Write out the line that contains "Ecem Özkaya, Bahar" and every line after it through the end of the entries, exactly as given and with no other lines.

-------- Data for processing

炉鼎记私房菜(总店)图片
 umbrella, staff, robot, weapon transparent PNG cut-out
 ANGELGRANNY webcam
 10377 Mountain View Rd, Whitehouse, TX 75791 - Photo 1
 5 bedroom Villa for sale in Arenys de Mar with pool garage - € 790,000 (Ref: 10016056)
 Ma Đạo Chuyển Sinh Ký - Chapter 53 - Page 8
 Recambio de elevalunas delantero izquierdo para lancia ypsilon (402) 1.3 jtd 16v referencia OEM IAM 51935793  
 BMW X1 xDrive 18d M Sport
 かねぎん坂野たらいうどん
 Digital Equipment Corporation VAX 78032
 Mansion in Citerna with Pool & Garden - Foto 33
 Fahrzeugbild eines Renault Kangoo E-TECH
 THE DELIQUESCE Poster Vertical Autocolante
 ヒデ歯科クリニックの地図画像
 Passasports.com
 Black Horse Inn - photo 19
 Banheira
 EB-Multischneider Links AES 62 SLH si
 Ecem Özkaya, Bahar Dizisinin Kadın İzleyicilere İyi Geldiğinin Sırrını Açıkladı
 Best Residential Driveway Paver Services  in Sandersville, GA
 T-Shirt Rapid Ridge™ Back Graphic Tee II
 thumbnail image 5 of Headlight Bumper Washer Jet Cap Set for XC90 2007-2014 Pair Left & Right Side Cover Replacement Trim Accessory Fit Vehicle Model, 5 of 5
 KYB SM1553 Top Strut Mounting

----------------

Exercise solution:
 Ecem Özkaya, Bahar Dizisinin Kadın İzleyicilere İyi Geldiğinin Sırrını Açıkladı
 Best Residential Driveway Paver Services  in Sandersville, GA
 T-Shirt Rapid Ridge™ Back Graphic Tee II
 thumbnail image 5 of Headlight Bumper Washer Jet Cap Set for XC90 2007-2014 Pair Left & Right Side Cover Replacement Trim Accessory Fit Vehicle Model, 5 of 5
 KYB SM1553 Top Strut Mounting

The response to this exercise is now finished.